Illustration of NASA's LADEE (Lunar Atmosphere and Dust Environment Explorer) in orbit above the Moon.
Illustration of NASA’s LADEE (Lunar Atmosphere and Dust Environment Explorer) in orbit above the Moon.
NASA

The LADEE spacecraft gathered detailed information about the ultra-thin lunar atmosphere, where it comes from, how it changes and what that means for the Moon’s surface and resources.

Once the presence of significant amounts of water ice on the Moon had been confirmed by NASA’s LCROSS  and LRO missions, scientists had to wonder, Where did it come from, how long has it been there, and will it last? To understand better the lunar surface and the resources it holds, researchers needed to know more about the environment the Moon exists in – that is, about the almost non-existent atmosphere that surrounds it. 

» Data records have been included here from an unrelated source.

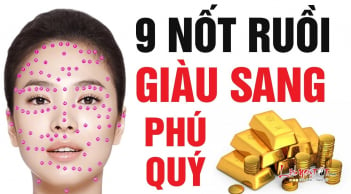 Nữ giới có nốt ruồi vị trí này là số phú quý, sau 20 giàu sang, từ 30 tiền vào như nước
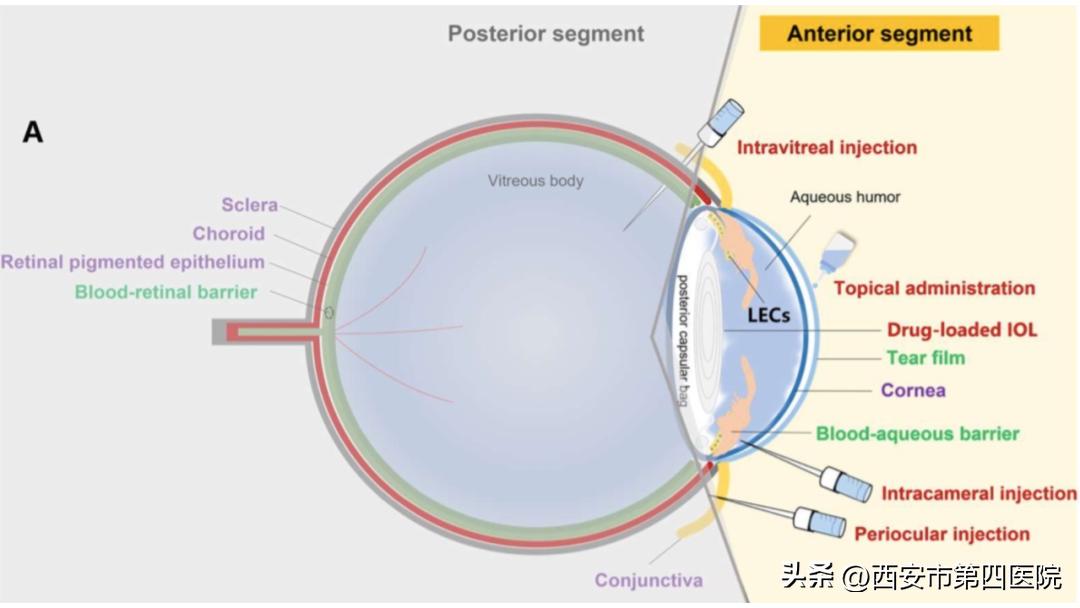 白内障药物治疗重大突破,药物治疗白内障最新研究成果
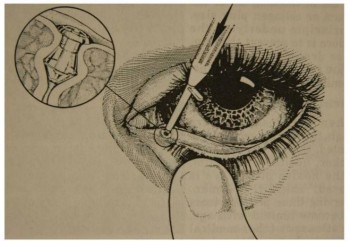 Punctum plugs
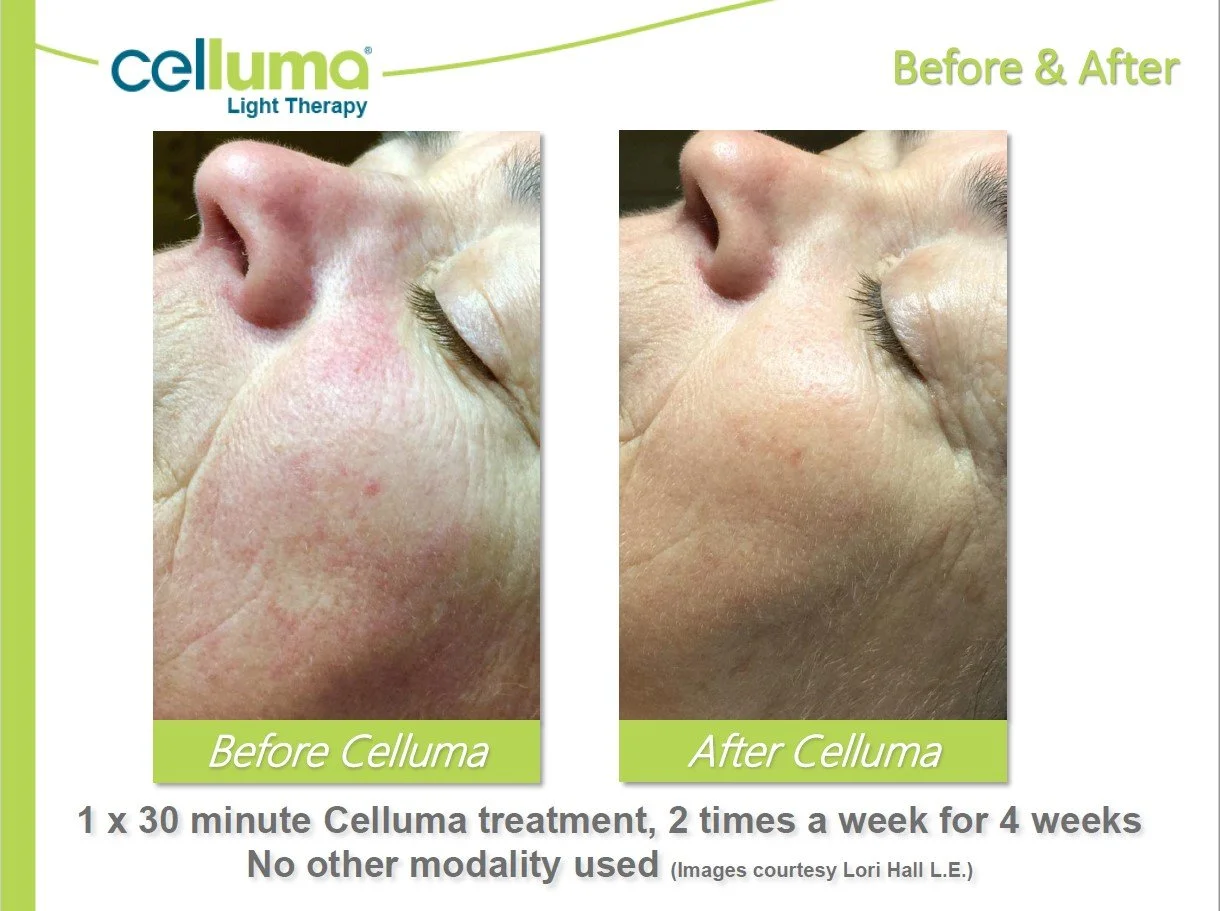 denver-celluma-light-therapy-wrinkles-and-redness-before-after.jpg.jpg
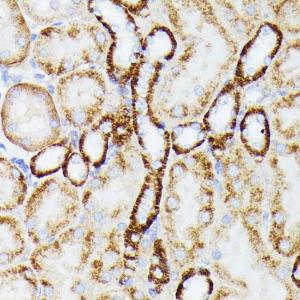 Immunohistochemistry analysis of paraffin-embedded mouse kidney using Anti-MT-ND5 Antibody (A93006) at a dilution of 1:100 (40x lens). Perform microwave antigen retrieval with 10 mM PBS buffer pH 7.2 before commencing with IHC staining protocol.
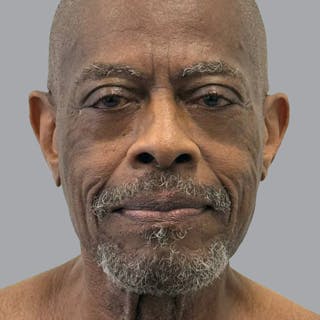Eyelid Surgery in Tampa Before & After Gallery - Patient 353485 - Image 2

Just one 25-trillionth the density of Earth’s atmosphere, the envelope of gases held to the Moon by its gravity is so thin and tenuous that it goes by another name, exosphere. Here, molecules in the air are so few and far between, they rarely come into contact with one another. Still, the gases found around the Moon do have important effects on conditions near the surface. This was the focus of NASA’s Lunar Atmosphere and Dust Environment Explorer, or LADEE.

LADEE orbited the Moon for about six months, gathering detailed information about what makes up the delicate lunar atmosphere, its structure, and how it changes. To understand the Moon’s exosphere, we also need to know about the processes controlling it. These include the effects of meteor showers, the solar wind that bombards the Moon with charged particles and exposure to the Sun’s ultraviolet radiation at the surface.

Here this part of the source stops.